DATA IN THIS EXERCISE »
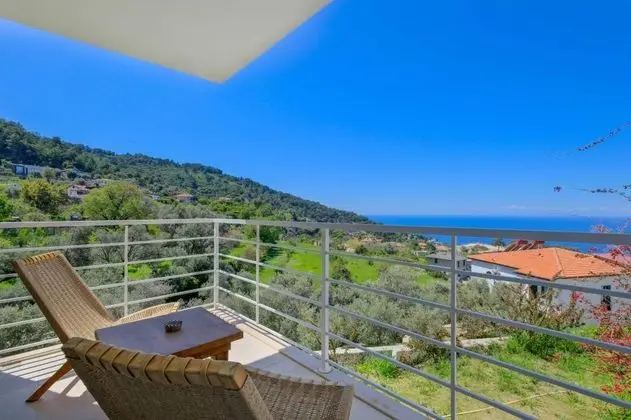Honeymoon Suite, Deniz Manzaralı, Jakuzili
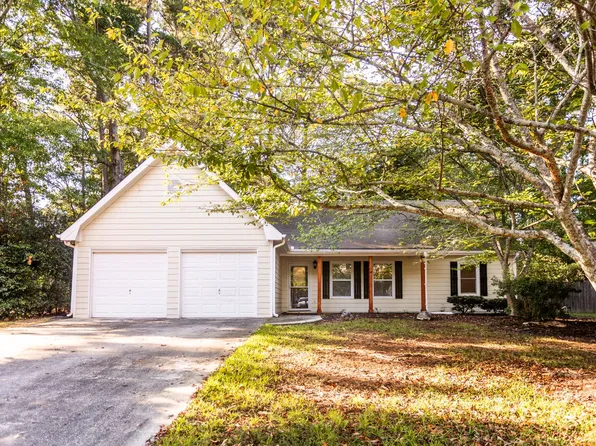 1135 Burning Bush Dr, Loganville, GA 30052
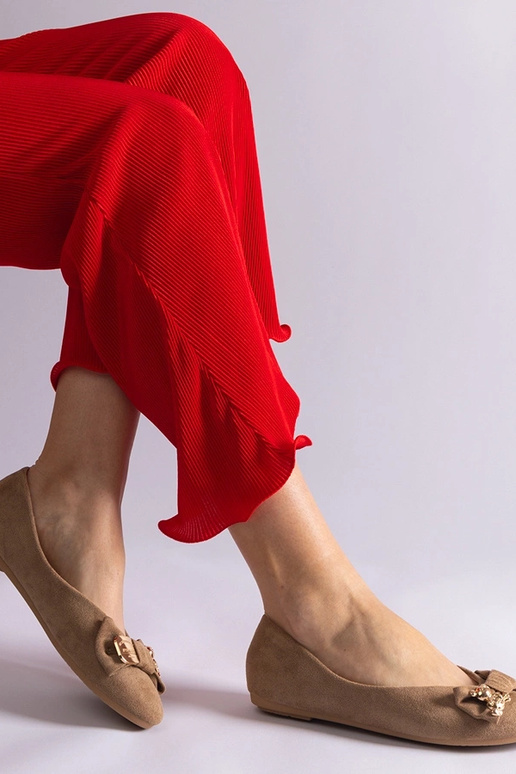 Bailarinas marrones decoradas con... Bailarinas marrones decoradas con...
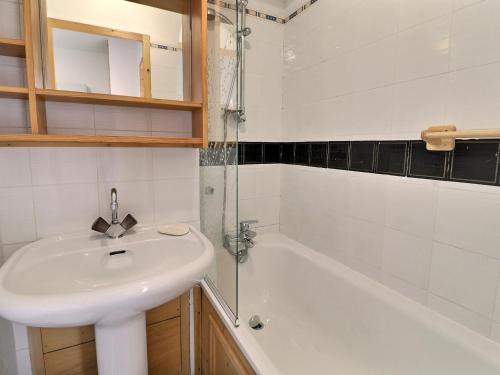 une salle de bain avec un lavabo et une baignoire dans l'établissement Charmant Duplex sur Pistes, Orienté Sud, 2 Chambres, Mezzanine, Équipé, Calme - FR-1-182-212, à Les Allues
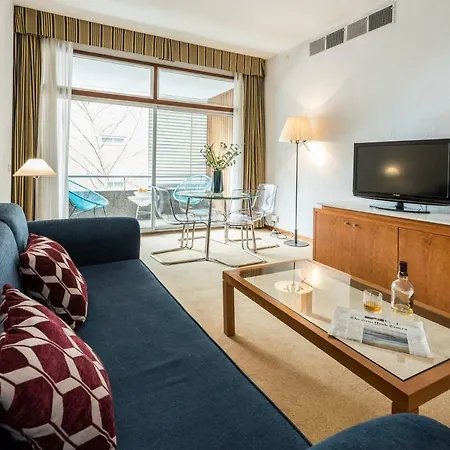 Chic Eurobuilding Apartment *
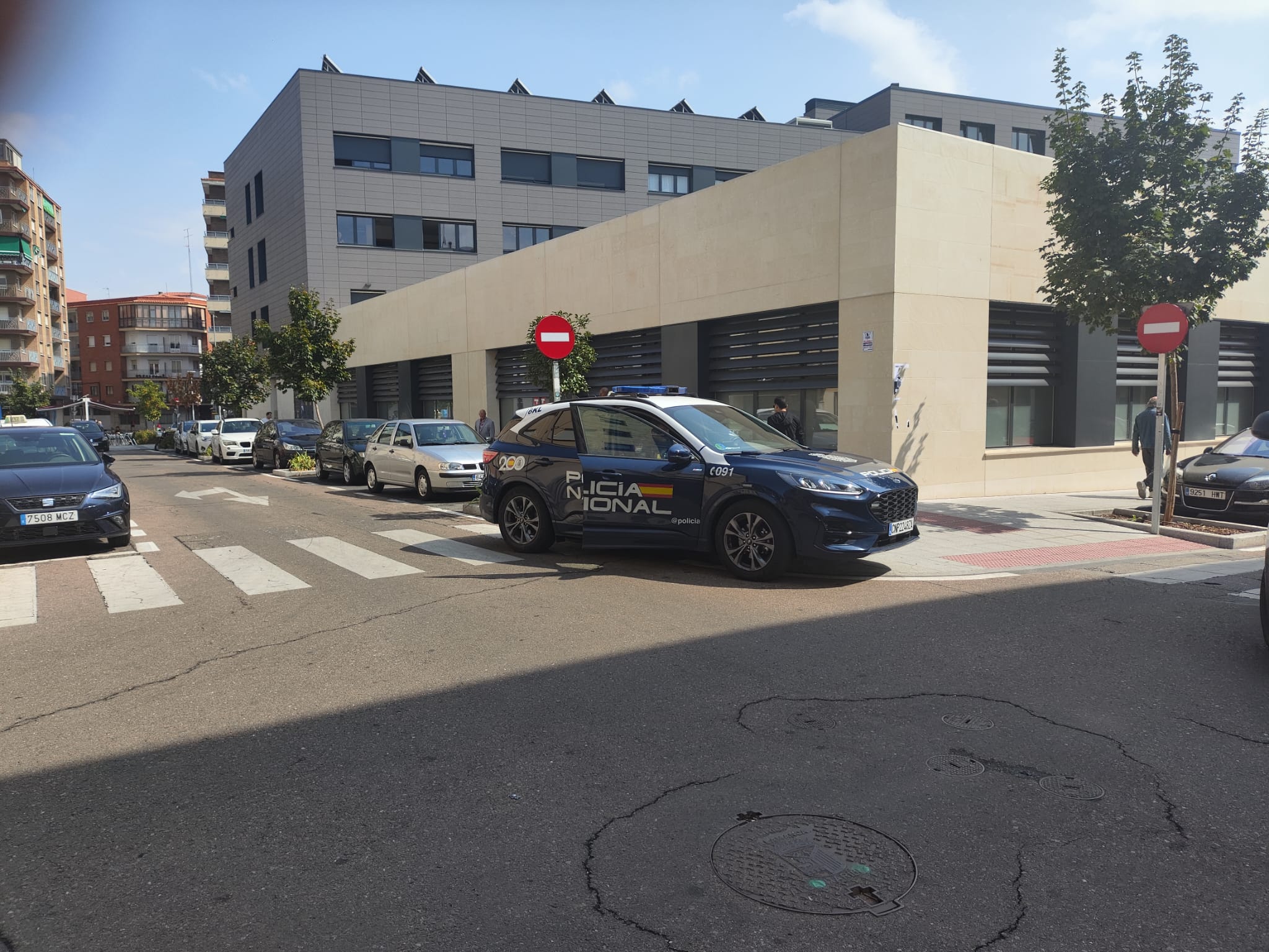 Policía en calle Arapiles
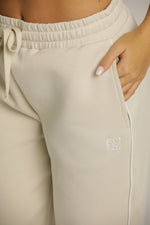 מכנסי טרנינג מבד רך במראה אלגנטי | קנת קול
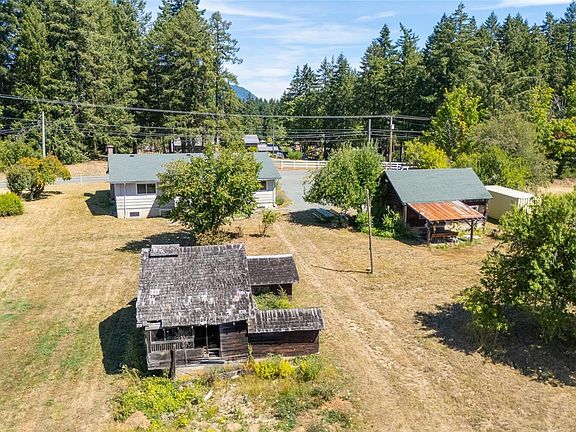 2nd image of 4030 Gibbins Rd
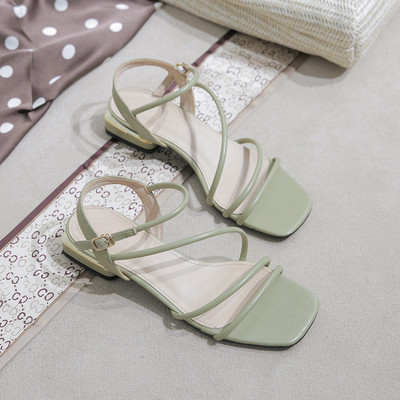 Νέο μοντέλο γυναικεία σανδάλια με τετράγωνο τακούνι και λουράκια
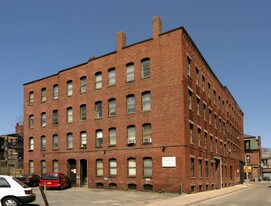 181-187 Green St in Jamaica Plain, MA - Building Photo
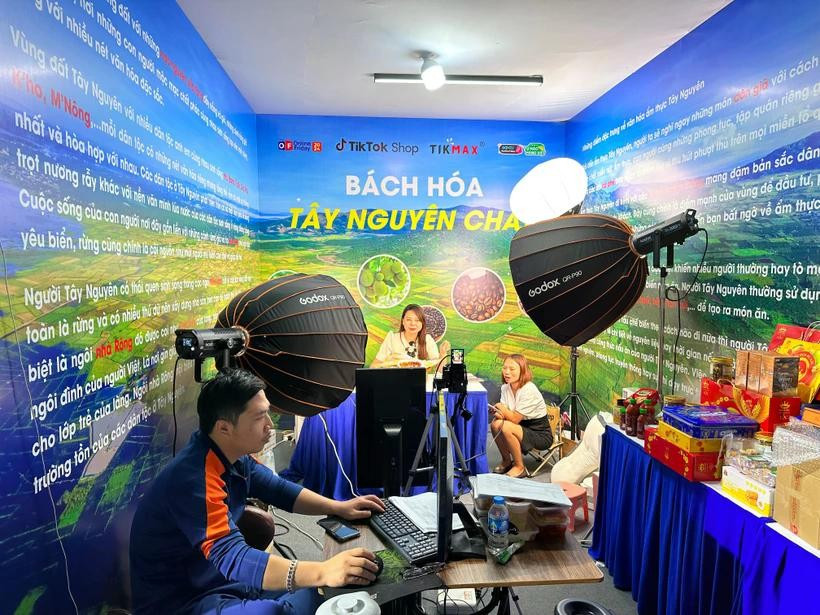 Las transmisiones en vivo con contenidos creativos e interactivos tienen una mayor tasa de visualización en comparación con otras sesiones de introducción simple. (Fuente: Vietnam+) 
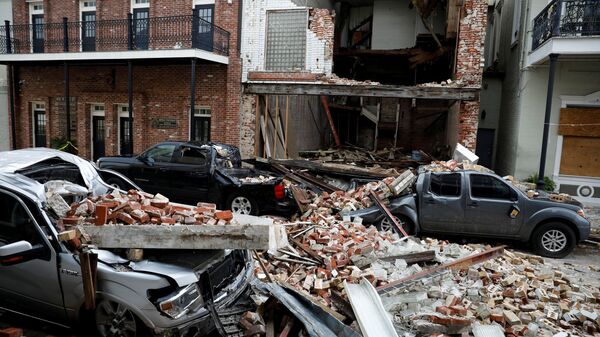 Разрушенный фасад здания после прохождения урагана Ида в штате Луизиана  - Sputnik Moldova-România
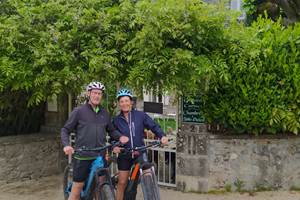 Nos clients Lia et Mark heureux de commencer leur randonnée dans les Monts de Blond !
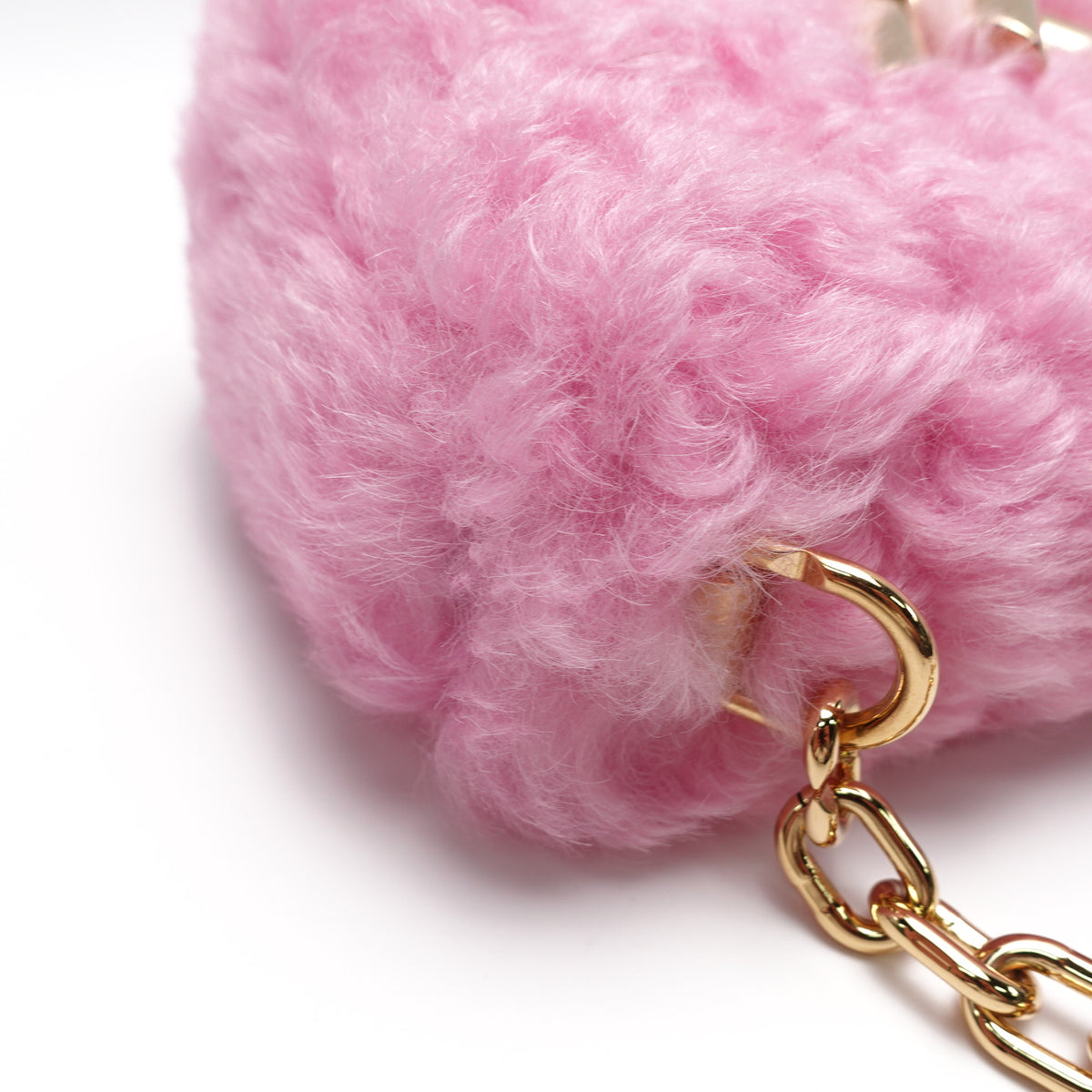 Pre-Owned Louis Vuitton Twist MM Pink Shearling Shoulder Bag T10434955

AIM OF THE EXERCISE »
Copy out every line above, word for word, minus images.

ANSWER SPACE »
Honeymoon Suite, Deniz Manzaralı, Jakuzili
 1135 Burning Bush Dr, Loganville, GA 30052
 Bailarinas marrones decoradas con... Bailarinas marrones decoradas con...
 une salle de bain avec un lavabo et une baignoire dans l'établissement Charmant Duplex sur Pistes, Orienté Sud, 2 Chambres, Mezzanine, Équipé, Calme - FR-1-182-212, à Les Allues
 Chic Eurobuilding Apartment *
 Policía en calle Arapiles
 מכנסי טרנינג מבד רך במראה אלגנטי | קנת קול
 2nd image of 4030 Gibbins Rd
 Νέο μοντέλο γυναικεία σανδάλια με τετράγωνο τακούνι και λουράκια
 181-187 Green St in Jamaica Plain, MA - Building Photo
 Las transmisiones en vivo con contenidos creativos e interactivos tienen una mayor tasa de visualización en comparación con otras sesiones de introducción simple. (Fuente: Vietnam+) 
 Разрушенный фасад здания после прохождения урагана Ида в штате Луизиана  - Sputnik Moldova-România
 Nos clients Lia et Mark heureux de commencer leur randonnée dans les Monts de Blond !
 Pre-Owned Louis Vuitton Twist MM Pink Shearling Shoulder Bag T10434955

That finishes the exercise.